SUPPLIED DATA:

Content starts

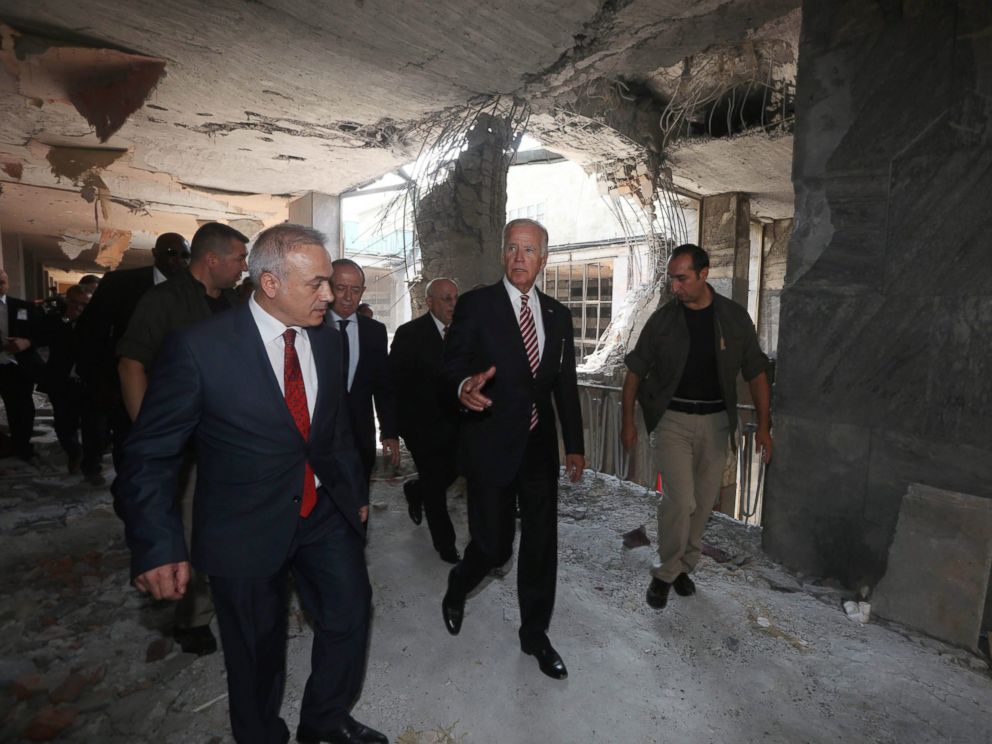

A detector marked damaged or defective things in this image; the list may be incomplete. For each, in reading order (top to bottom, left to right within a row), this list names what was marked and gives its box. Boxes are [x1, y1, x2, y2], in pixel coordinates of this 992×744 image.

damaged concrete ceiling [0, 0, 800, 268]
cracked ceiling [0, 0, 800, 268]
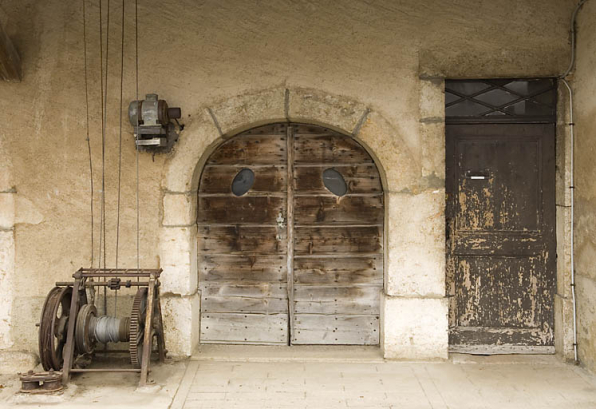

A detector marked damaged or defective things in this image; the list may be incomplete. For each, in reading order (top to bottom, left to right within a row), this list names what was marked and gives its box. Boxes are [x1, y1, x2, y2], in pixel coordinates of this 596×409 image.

Content ends
Content starts

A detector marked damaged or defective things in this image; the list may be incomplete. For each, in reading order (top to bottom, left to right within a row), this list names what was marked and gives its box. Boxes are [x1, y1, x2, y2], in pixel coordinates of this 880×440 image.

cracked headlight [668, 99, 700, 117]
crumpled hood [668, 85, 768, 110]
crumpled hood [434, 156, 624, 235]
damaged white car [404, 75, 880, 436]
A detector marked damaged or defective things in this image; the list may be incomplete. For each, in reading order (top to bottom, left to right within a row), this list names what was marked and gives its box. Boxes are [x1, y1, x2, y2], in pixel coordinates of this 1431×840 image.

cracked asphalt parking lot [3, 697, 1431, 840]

Content ends

PROBLEM DETAILS:
Within the listing above, find the line containing "this 992×744 image." and the line containing "this 596×409 image.". Transcribe them and everything between them exactly, leaving out the pictures.

THE ANSWER:
A detector marked damaged or defective things in this image; the list may be incomplete. For each, in reading order (top to bottom, left to right within a row), this list names what was marked and gives its box. Boxes are [x1, y1, x2, y2], in pixel coordinates of this 992×744 image.

damaged concrete ceiling [0, 0, 800, 268]
cracked ceiling [0, 0, 800, 268]

A detector marked damaged or defective things in this image; the list may be incomplete. For each, in reading order (top to bottom, left to right within a row), this list names what was marked and gives its box. Boxes are [x1, y1, x2, y2], in pixel coordinates of this 596×409 image.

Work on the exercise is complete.